The series begins today with books about planning. We all cover planning to some degree; if nothing else, the law requires that a locality’s zoning and land use decisions be consistent with a comprehensive plan. But what is planning?
The best introductory reading for a non-expert is Eric Damian Kelly, Community Planning: An Introduction to the Comprehensive Plan, 2nd Edition (Island Press 2010). It strikes the right balance between comprehensiveness and readability. It should be on every land professor’s shelf. Two other good overview books are John Randolph, Environmental Land Use Planning and Management, 2nd Edition (Island Press 2011), which focuses on environmental planning, and John M. Levy, Contemporary Urban Planning, 10th Edition (Routledge 2012), which provides a good overview of planning history, structure, practice, tools, subfields, and cutting-edge issues.
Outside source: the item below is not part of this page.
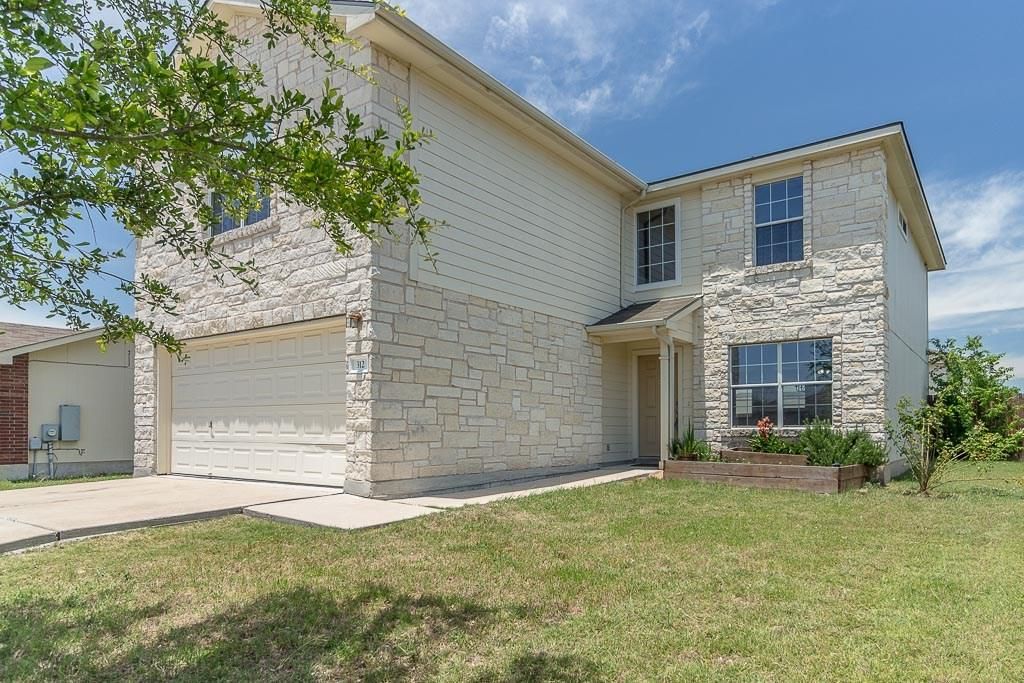 312 Flinn St, Hutto, TX 78634 Trulia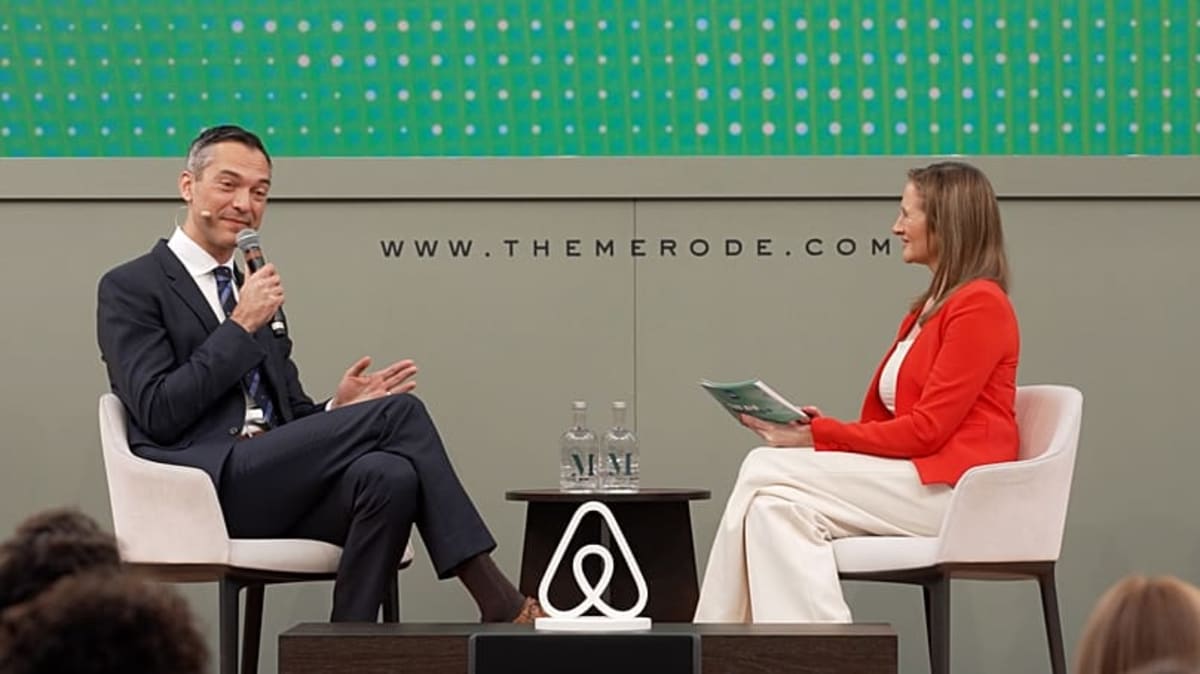 How 3 Broke Roommates Built Airbnb Into $80B Giant - Image 2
Two classic works that have strongly shaped current thinking about planning are: Jane Jacobs, The Death and Life of Great American Cities (Vintage Books 1961) and Lewis Mumford, The City in History: Its Origins, Its Transformations, and Its Prospects (Harvest/Harcourt Brace Javanovich 1961). Apparently 1961 was a significant year for thinking deeply and critically about the nature of planning.
Three anthologies collect a variety of classic writings on planning theory and practice: 1) Jay M. Stein, Classic Readings in Urban Planning, 2nd Edition (American Planning Association 2004); 2) Jennifer Evans-Cowley, Essential Readings in Urban Planning (Planetizen 2014); and 3) Scott Campbell and Susan S. Fainstein, Readings in Planning Theory, 2nd Edition (Blackwell Publishing 2003).
While many of these books contain basic critiques of conventional planning’s rational, comprehensive, up-front development of a static plan through a linear planning process (with the classic critique being Charles Lindblom, "The Science of Muddling Through," 19 Public Administration Review 79-88 (1959)), they don’t give much attention to an alternative type of planning: adaptive planning. Adaptive planning is a planning process that is flexible, continuous, and iterative. An adaptive plan’s goals, strategies, and/or implementation actions are subject to frequent changes, as lessons are learned from plan implementation and those lessons are applied to the planning process (known as “feedback loops”). It is particularly appropriate under conditions of uncertainty, instability, or abrupt disturbances, such as climate change. An article discussing the key characteristics of adaptive planning is: Arnold, "Adaptive Watershed Planning and Climate Change," 5 Environmental and Energy Law and Policy Journal 417 (2010), available at SSRN: http://ssrn.com/abstract=1712027.
Coming next: Place-based perspectives on land use.
https://lawprofessors.typepad.com/land_use/2015/08/interdisciplinary-readings-on-land-use-planning.html
Great choices! I would add, for growth management, the best book out there is Managing Community Growth (2nd Ed. 2004) by Eric Damian Kelly. In all fairness, Eric is an attorney and an urban planner, so is interdisciplinary himself.
I was in the urban affairs and planning program at Virginia Tech (with John Randolph and John Levy, both now retired) for 15 years, and when I taught Urban Growth Management, I had a difficult time finding an appropriate textbook or appropriate readings. Then I found Managing Community Growth. He's a great writer.